Il y a toujours un peu d’espoir, mais c’est une tragédie. Je n’exagère rien. Dans le journal, je vois des meurtres, des infanticides. Simplement, le film se déroule dans un temps très concentré, sur quelques semaines avant que l’enfant ne tue ses parents. Quand on lit qu’un enfant a tué toute sa famille, il y a un noir complet, on ne peut pas mettre de mots là-dessus. On peut chercher des explications comme Foucauld, mais à un moment donné, on ne peut pas aller plus loin, c’est impossible sauf avec la poésie.

Votre récit ne donne aucune clé d’explication.
Il n’y a rien de démonstratif dans le film, pas de responsable désigné. Cela ne m’intéresse pas d’expliquer la folie de la mère ou l’homosexualité du frère. Le cinéma est fait pour montrer, non pour démontrer. J’ai enlevé toute la sociologie, la psychologie. Les journalistes sont obsédés par les sujets, mais c’est la forme, le style, qui compte avant tout. Et on ne peut parler qu’en métaphore, comme Buñuel. Filmer les actes en eux-mêmes n’a aucun intérêt. Il faut laisser travailler l’imaginaire.

Avez-vous trouvé facilement le garçon incarnant Martin ?
Au casting, c’était totalement impossible de savoir à quoi Julien Cochelin pensait, exactement comme le personnage du film. Et Dominique Reymond a une présence immense en creux. Quant à Pascal Cervo, il a accompli le plus difficile, des scènes extrêmement compliquées.

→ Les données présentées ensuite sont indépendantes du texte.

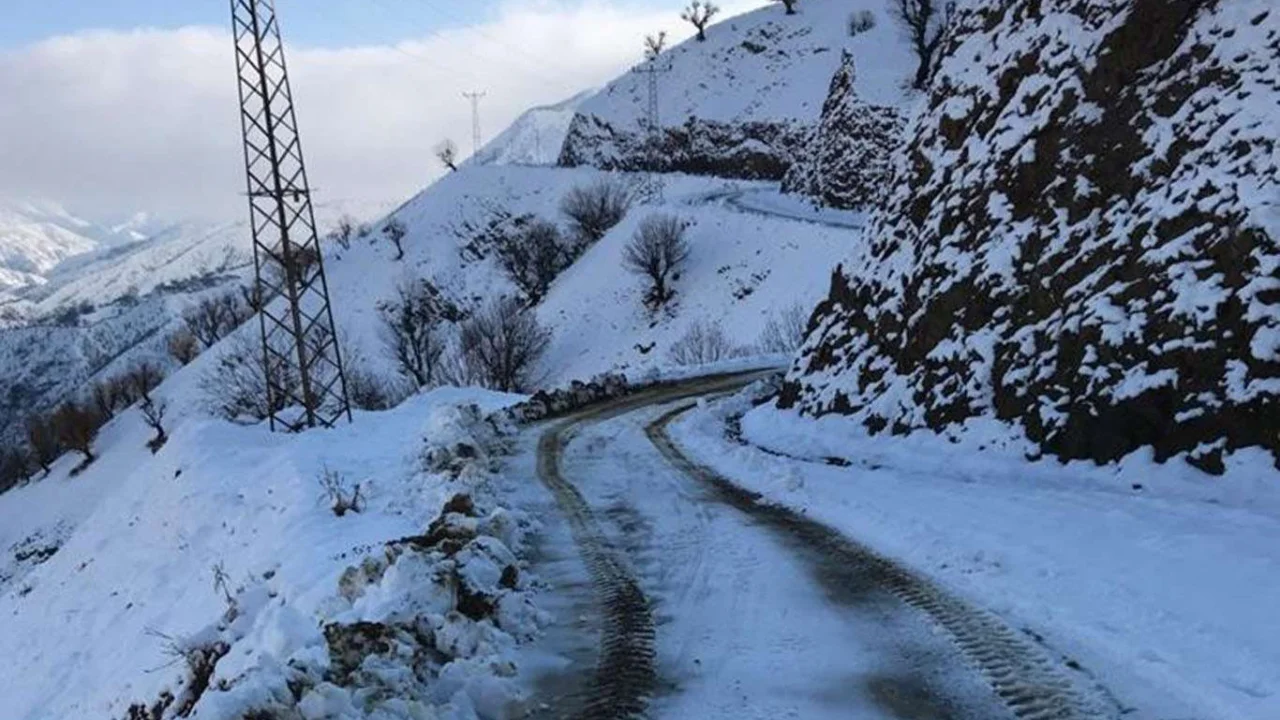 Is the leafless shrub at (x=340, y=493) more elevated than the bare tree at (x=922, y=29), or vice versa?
the bare tree at (x=922, y=29)

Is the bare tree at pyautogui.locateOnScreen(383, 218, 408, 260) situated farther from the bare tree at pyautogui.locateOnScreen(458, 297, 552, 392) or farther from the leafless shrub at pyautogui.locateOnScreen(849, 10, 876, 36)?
the leafless shrub at pyautogui.locateOnScreen(849, 10, 876, 36)

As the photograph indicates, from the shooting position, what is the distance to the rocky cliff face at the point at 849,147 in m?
56.3

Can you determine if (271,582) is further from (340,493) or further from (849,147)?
(849,147)

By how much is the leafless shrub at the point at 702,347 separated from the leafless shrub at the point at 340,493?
29.0m

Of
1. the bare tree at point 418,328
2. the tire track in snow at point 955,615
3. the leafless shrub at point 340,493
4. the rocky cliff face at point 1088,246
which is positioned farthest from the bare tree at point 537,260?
the tire track in snow at point 955,615

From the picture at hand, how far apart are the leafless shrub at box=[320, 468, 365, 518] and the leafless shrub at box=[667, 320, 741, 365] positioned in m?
29.0

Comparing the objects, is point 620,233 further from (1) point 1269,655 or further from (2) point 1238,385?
(1) point 1269,655

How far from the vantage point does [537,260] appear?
72.3m

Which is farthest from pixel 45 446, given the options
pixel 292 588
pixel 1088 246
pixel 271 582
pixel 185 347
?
pixel 1088 246

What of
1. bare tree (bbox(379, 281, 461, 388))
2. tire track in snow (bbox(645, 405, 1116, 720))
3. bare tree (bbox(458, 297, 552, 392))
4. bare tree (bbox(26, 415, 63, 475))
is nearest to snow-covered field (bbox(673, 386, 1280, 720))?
tire track in snow (bbox(645, 405, 1116, 720))

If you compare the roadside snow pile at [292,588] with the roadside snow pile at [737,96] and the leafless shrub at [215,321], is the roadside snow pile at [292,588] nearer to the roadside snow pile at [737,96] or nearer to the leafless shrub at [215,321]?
the roadside snow pile at [737,96]

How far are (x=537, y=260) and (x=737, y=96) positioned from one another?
2526 centimetres

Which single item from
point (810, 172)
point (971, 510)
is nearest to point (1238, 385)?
point (971, 510)

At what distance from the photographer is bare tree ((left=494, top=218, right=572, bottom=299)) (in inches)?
2810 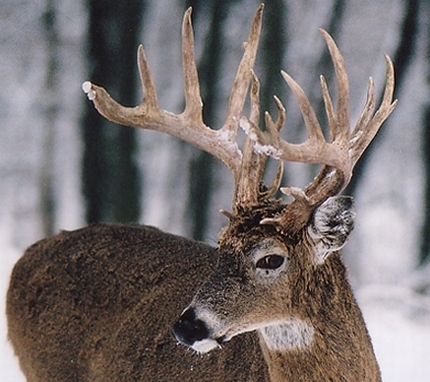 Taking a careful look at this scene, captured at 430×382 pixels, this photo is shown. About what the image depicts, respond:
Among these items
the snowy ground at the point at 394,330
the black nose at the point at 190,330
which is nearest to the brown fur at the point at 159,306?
the black nose at the point at 190,330

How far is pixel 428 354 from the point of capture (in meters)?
5.49

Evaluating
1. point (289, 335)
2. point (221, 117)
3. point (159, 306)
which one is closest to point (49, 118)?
point (221, 117)

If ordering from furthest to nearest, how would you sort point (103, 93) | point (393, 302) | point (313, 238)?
point (393, 302) < point (103, 93) < point (313, 238)

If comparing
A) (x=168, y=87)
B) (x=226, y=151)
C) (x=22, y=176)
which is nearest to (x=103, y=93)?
(x=226, y=151)

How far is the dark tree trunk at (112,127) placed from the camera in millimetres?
6043

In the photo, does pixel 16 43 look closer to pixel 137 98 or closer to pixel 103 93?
pixel 137 98

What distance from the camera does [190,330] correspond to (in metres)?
2.72

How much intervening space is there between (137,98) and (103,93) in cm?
300

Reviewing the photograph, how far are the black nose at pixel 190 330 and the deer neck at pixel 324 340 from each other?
325 mm

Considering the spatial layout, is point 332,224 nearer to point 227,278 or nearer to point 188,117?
point 227,278

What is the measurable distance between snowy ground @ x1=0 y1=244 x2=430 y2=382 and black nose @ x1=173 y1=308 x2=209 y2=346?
9.39 ft

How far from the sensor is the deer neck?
284cm

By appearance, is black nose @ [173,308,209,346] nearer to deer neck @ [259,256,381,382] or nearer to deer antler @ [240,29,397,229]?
deer neck @ [259,256,381,382]

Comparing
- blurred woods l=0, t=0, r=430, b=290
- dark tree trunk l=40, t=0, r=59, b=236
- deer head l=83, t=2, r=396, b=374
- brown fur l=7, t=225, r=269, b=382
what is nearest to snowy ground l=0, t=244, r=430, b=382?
blurred woods l=0, t=0, r=430, b=290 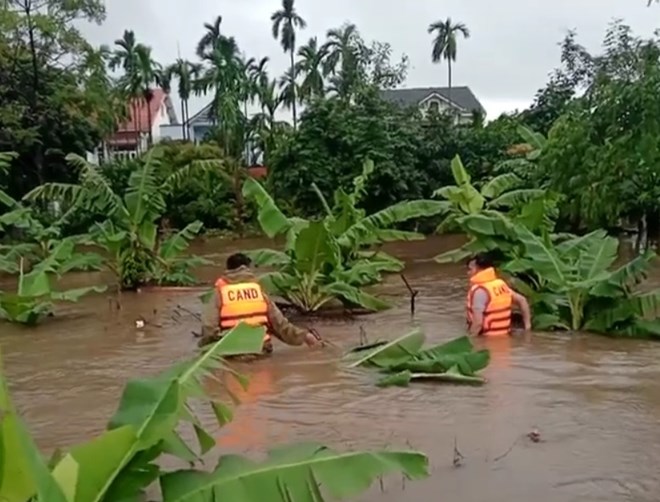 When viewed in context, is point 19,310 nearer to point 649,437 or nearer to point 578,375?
point 578,375

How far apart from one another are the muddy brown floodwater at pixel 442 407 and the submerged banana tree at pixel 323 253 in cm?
116

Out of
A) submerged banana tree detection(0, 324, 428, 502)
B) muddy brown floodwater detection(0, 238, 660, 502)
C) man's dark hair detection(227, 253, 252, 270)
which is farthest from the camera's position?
man's dark hair detection(227, 253, 252, 270)

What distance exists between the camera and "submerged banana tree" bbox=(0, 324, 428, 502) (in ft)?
13.4

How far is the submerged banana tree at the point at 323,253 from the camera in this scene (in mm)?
14273

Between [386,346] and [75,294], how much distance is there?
22.8ft

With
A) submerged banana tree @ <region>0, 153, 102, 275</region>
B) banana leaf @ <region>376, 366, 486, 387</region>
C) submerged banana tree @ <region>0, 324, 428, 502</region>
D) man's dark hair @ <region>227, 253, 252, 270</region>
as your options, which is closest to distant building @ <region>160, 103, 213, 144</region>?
submerged banana tree @ <region>0, 153, 102, 275</region>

Vous utilisez souvent le hors champ. Quels étaient vos partis pris visuels ?
Tout est vu et entendu du point de vue de l’enfant. Je ne peux pas montrer frontalement les choses, mais je sais qu’il s’en passe autour. Donc c’est cela qu’il faut montrer et on ne peut user que du hors champ. Tous les enfants regardent par le trou de la serrure pour voir ce qu’ils ne doivent pas voir ou se cacher et regarder sans être vu. Mais ils ne voient pas tout et ne comprennent pas tout. Visuellement, j’ai travaillé dans cette direction. J’essaye d’être au millimètre près, le moindre plan, le moindre souffle est calculé. L’important est : quel est le point de vue de la caméra, qui est derrière ? Si quelqu’un sort d’une porte et va s’asseoir, on fait un panoramique tout simplement. Et ce n’est pas un manque de style, au contraire. Pourquoi changer d’axe, prendre un hélicoptère, mettre la caméra sur la roue d’une voiture ? C’est n’importe quoi, tout comme les impostures du Dogme.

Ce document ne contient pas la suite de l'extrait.